Task to complete: The answer should be an exact repeat of the stretch of material below from the line containing "cuc phuong national" through the line containing "Healthy Mature Pure".

Data to use:
◇ ◇ ◇

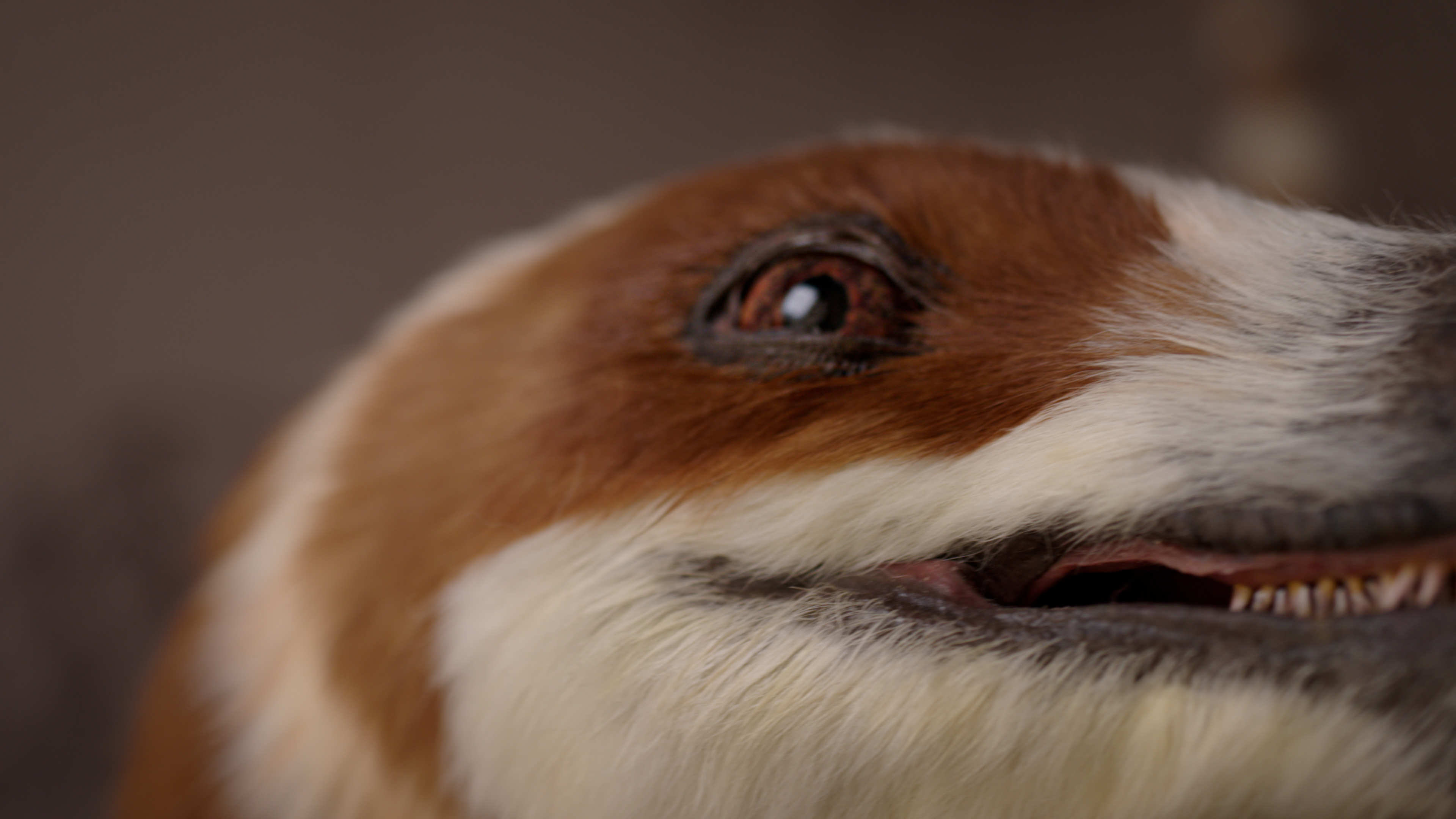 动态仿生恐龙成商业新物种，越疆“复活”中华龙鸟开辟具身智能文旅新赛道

◇ ◇ ◇

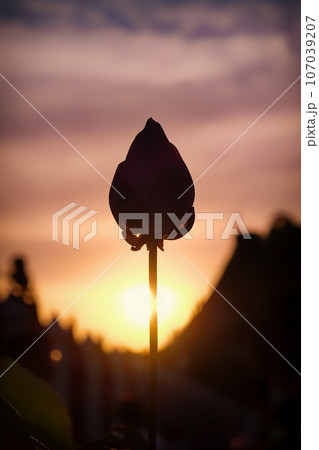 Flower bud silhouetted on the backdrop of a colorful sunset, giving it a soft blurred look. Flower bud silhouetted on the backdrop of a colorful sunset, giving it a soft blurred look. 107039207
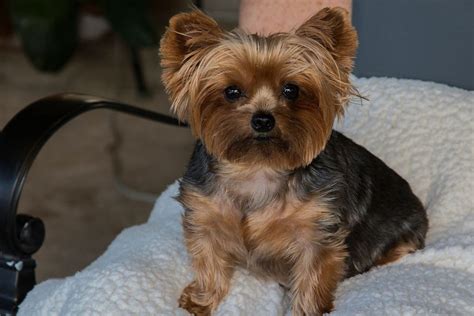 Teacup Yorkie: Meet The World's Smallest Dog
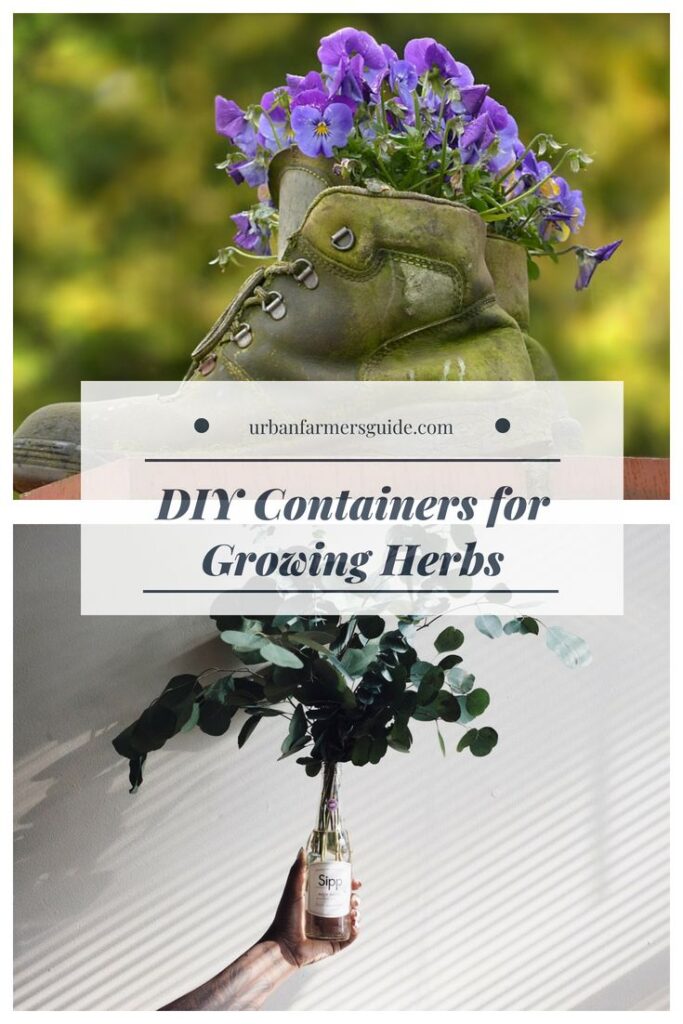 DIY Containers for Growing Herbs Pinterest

◇ ◇ ◇

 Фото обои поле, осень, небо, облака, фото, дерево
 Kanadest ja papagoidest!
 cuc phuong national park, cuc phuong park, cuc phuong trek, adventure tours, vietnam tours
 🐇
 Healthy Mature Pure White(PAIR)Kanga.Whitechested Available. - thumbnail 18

◇ ◇ ◇

Exercise output:
 cuc phuong national park, cuc phuong park, cuc phuong trek, adventure tours, vietnam tours
 🐇
 Healthy Mature Pure White(PAIR)Kanga.Whitechested Available. - thumbnail 18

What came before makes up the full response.